Prosperity Gospel gains acceptance among evangelical church goers: study

by Chris Lange

Chris Lange, FISM News


The prosperity gospel is gaining popularity in evangelical churches. According to a recent study from Lifeway Research, 52% of Protestant churchgoers said that they are taught from the pulpit that the more money they give to the church or charities, the more God will bless them.

Additionally, 76% of regular church attendees believe that God wants them to prosper financially, compared to 69% who said the same in a 2017. Nearly half (45%) believe that, in order to receive material blessings from God, they must give Him something in return – a quid pro quo theology that only 26% percent agreed with in 2017.

“In the last five years, far more churchgoers are reflecting prosperity gospel teachings, including the heretical belief that material blessings are earned from God,” Lifeway Research Executive Director Scott McConnell said in a news release on the survey results. 

“It is possible the financial hits people have taken from inflation and the pandemic have triggered feelings of guilt for not serving God more.
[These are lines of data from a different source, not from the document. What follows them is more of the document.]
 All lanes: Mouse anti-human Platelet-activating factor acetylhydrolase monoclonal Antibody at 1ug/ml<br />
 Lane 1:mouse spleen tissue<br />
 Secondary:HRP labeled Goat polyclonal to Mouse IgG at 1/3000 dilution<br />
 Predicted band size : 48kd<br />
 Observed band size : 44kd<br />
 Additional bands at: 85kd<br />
But Scripture does not teach that kind of direct connection,” he added.


According to a 2017 Gospel Coalition article, the prosperity gospel (also known as the “Word of Faith” movement and, somewhat less glowingly, as the “health and wealth” or “name-it and claim-it” gospel) originated as an “offshoot of Pentecostalism” in the U.S. following World War II. 

Originally isolated to local congregations and tent revivals, the movement gained prominence in the 1980s with the rise of televangelism.

David Jones, Christian ethics professor and Director of the Th.M. program at Southeastern Baptist Theological Seminary in North Carolina, credited Oral Roberts as the “father” of the modern “name-it and claim-it” prosperity gospel and the person who oversaw a ministry that, at the height of his influence, brought in $110 million in annual revenue. 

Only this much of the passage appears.